Exercise instructions
Your answer should be the lines from the start of the records through the line with "Promotional pens, custom", copied word for word.

Data records

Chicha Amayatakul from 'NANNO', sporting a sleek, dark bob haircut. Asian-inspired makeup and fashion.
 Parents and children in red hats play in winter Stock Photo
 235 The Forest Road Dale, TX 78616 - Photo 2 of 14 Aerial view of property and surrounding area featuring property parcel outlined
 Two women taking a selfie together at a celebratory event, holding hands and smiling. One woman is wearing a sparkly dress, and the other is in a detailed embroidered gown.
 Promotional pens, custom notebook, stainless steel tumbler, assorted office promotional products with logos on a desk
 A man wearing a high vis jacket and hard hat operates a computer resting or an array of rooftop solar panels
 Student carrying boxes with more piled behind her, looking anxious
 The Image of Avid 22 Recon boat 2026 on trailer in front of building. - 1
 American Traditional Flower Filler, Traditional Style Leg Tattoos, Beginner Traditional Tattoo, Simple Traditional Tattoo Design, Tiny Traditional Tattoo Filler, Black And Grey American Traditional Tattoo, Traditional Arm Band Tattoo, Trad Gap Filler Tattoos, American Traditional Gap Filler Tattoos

Result
Chicha Amayatakul from 'NANNO', sporting a sleek, dark bob haircut. Asian-inspired makeup and fashion.
 Parents and children in red hats play in winter Stock Photo
 235 The Forest Road Dale, TX 78616 - Photo 2 of 14 Aerial view of property and surrounding area featuring property parcel outlined
 Two women taking a selfie together at a celebratory event, holding hands and smiling. One woman is wearing a sparkly dress, and the other is in a detailed embroidered gown.
 Promotional pens, custom notebook, stainless steel tumbler, assorted office promotional products with logos on a desk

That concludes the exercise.